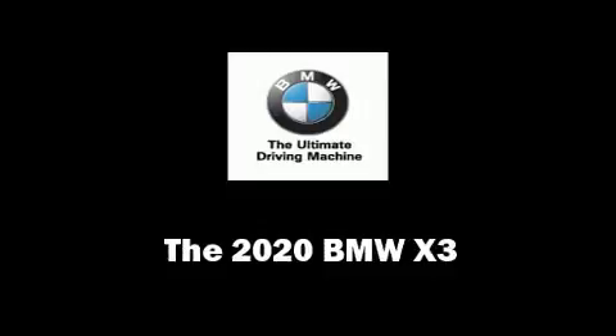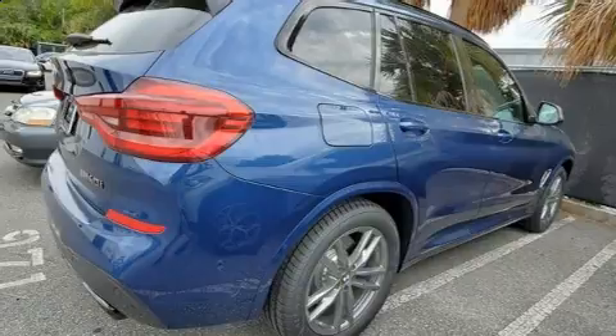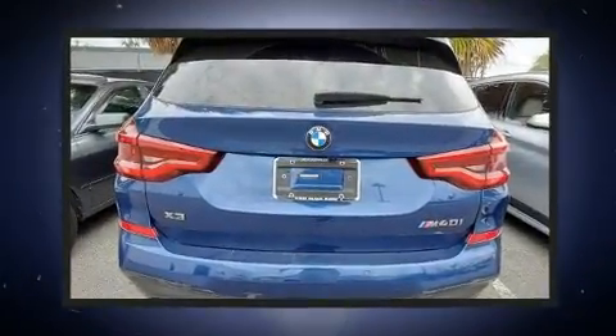Treat yourself to a test drive in the 2020 BMW X3. Turbocharger technology provides forced air induction, enhancing performance while preserving fuel economy.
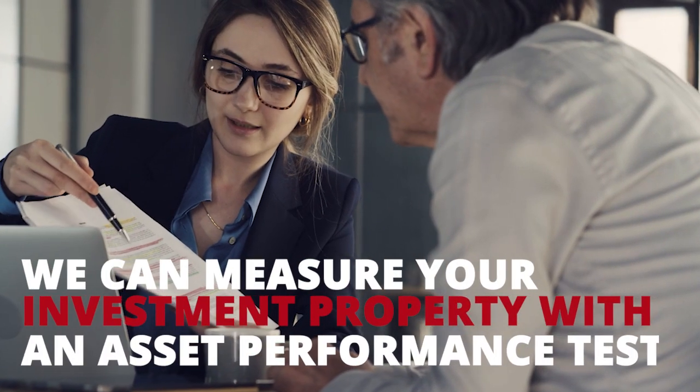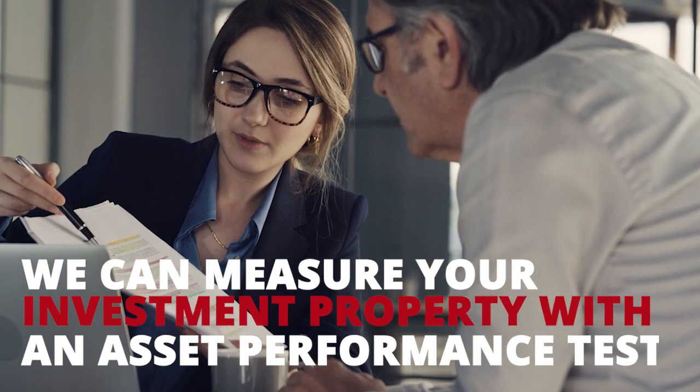What we can do for you is measure that asset. Similar to how you would measure any other asset that you own — a stock, bond, or other instrument — you're going to look at a return on your investment. We can help you with that. It's called an asset performance test, where we can measure your asset and show you how it's performing today in today's market.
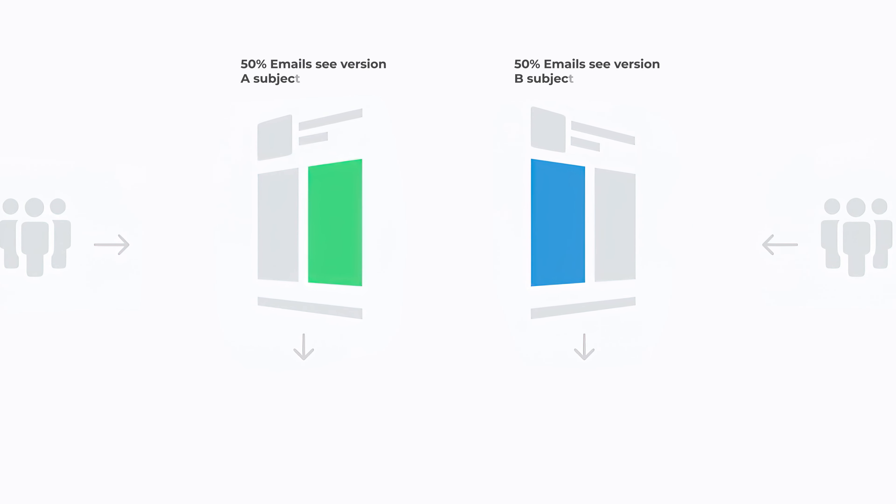Let's say you find that a statement subject line works better. In the next week or next month's email, have a variable of content style or topic. In the second test, you can do something like a group of listicle emails versus a written blog article style. After several tests, you'll begin to understand what works best for which groups. Some of you may have one general email list, others might have different audience groups — each audience segment will need its own testing due to different preferences.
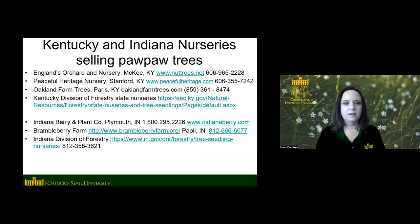Here are some nurseries that sell pawpaw trees in Kentucky: the Kentucky Division of Forestry sells seedlings, Peaceful Heritage down in Stanford, England's Orchard and Nursery — I think they're not selling trees right now but do sell seeds — and Zionwood.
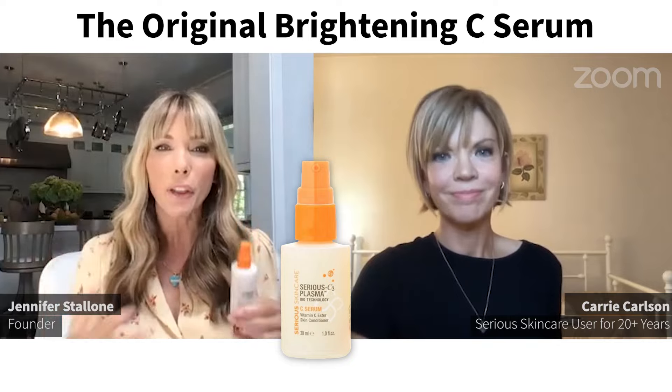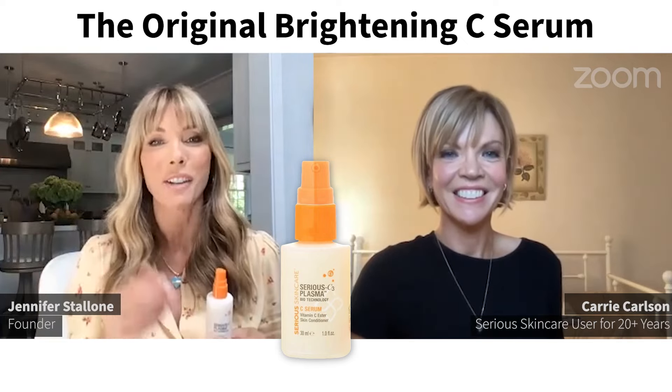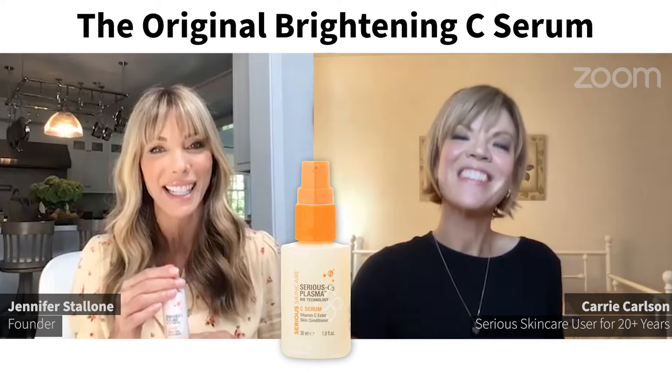If you want sexy, healthy, more hydrated, more luminous looking skin, you have to try our vitamin C serum. Everyone watching wants to have your beautiful skin — thank you for sharing your tips with us. Thank you, Jennifer.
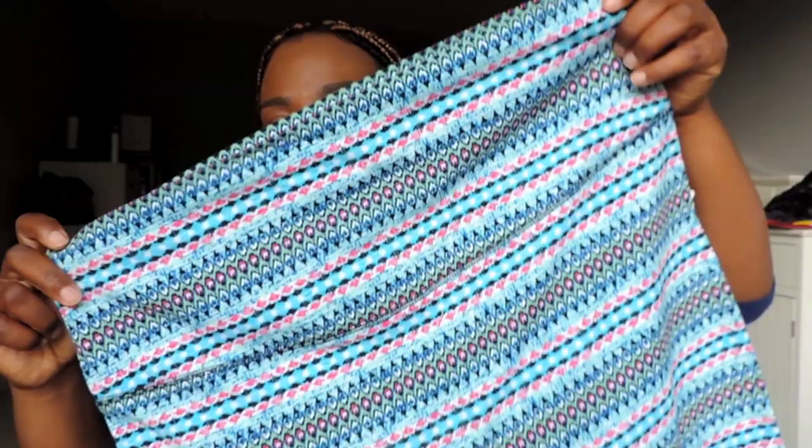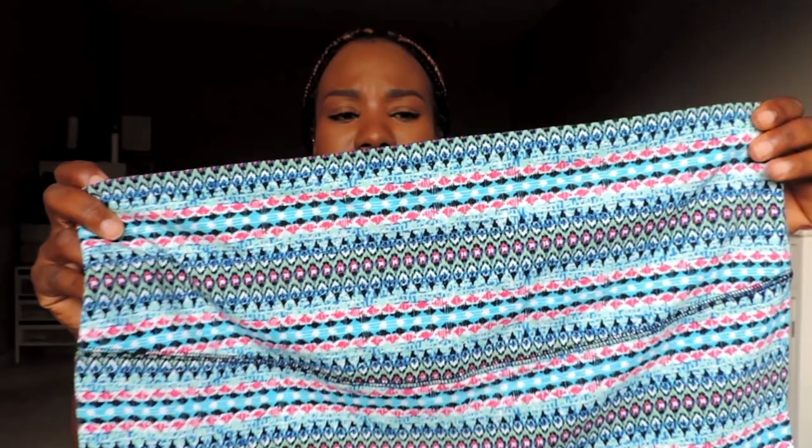The next thing I bought was this skirt. I debated whether to get it but it was about nine bucks so I went for it. It's a cute knee-length tube skirt that fits really nicely on the bump — very soft and comfortable.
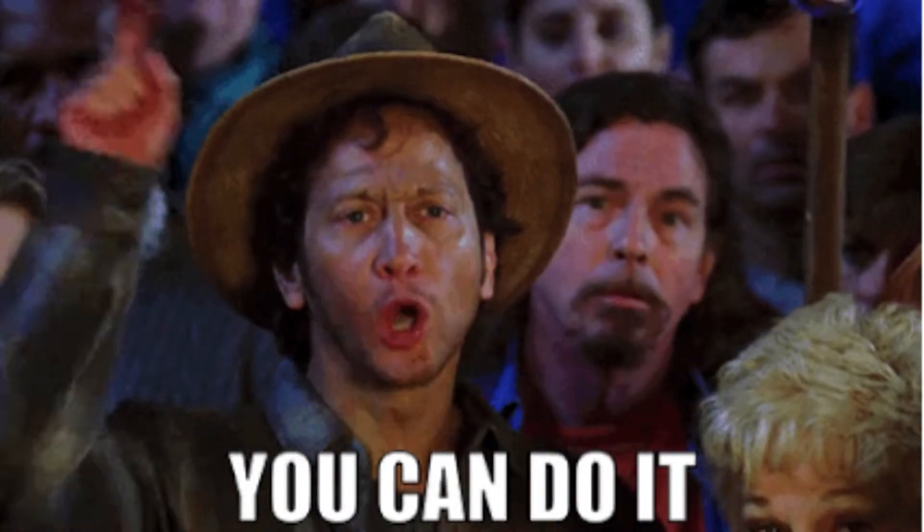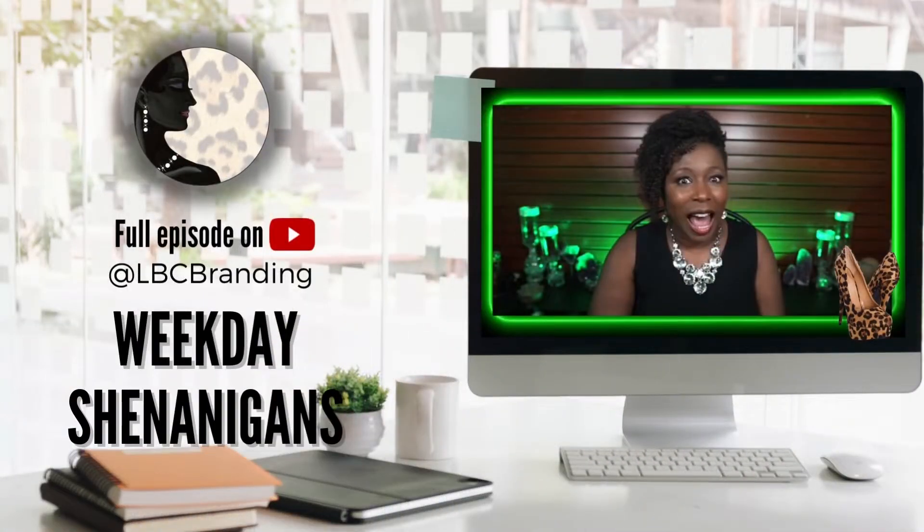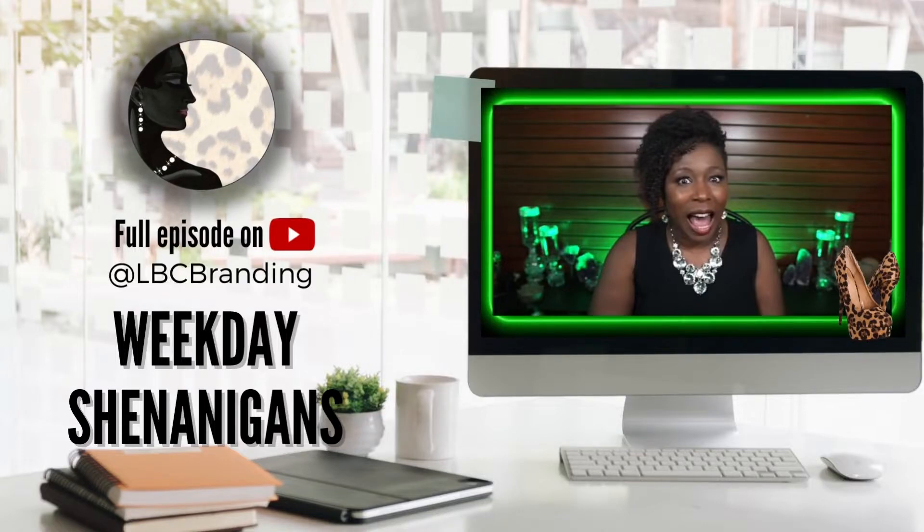No matter whether you're a pro or beginner user, there's something perfect for you to create. Join us Sundays at 7 p.m. Eastern for a live tutorial on our YouTube channel. You can find us everywhere at LBC Branding. It's time for you to make your mark.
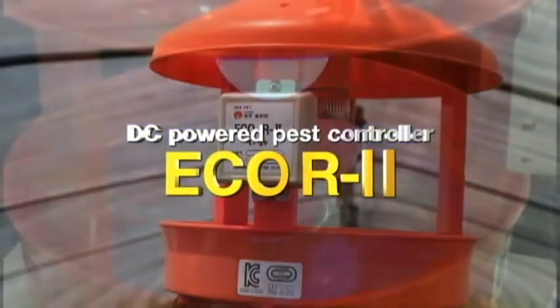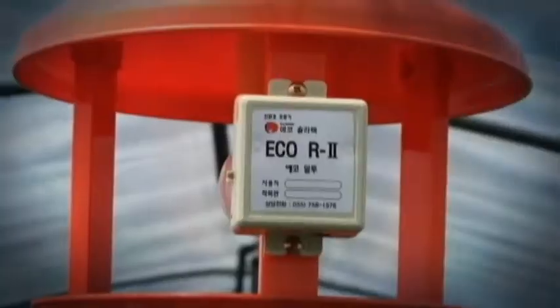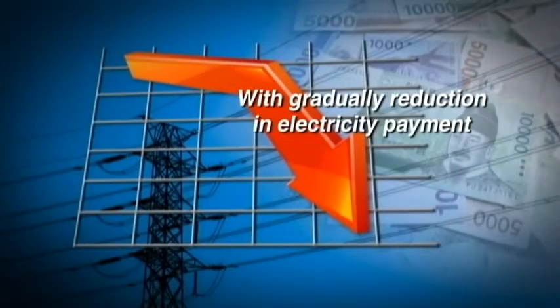We recommend you DC-powered pest controller ECO R2. With gradually reduction in electricity payment, you can use with $0.5 per month.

WHAT IS REQUIRED:
Would you retype exactly the lines running from the line that contains "No matter whether" through the end of the listing above, both included? Skip every picture.

OUTPUT OF THE EXERCISE:
No matter whether you're a pro or beginner user, there's something perfect for you to create. Join us Sundays at 7 p.m. Eastern for a live tutorial on our YouTube channel. You can find us everywhere at LBC Branding. It's time for you to make your mark.
We recommend you DC-powered pest controller ECO R2. With gradually reduction in electricity payment, you can use with $0.5 per month.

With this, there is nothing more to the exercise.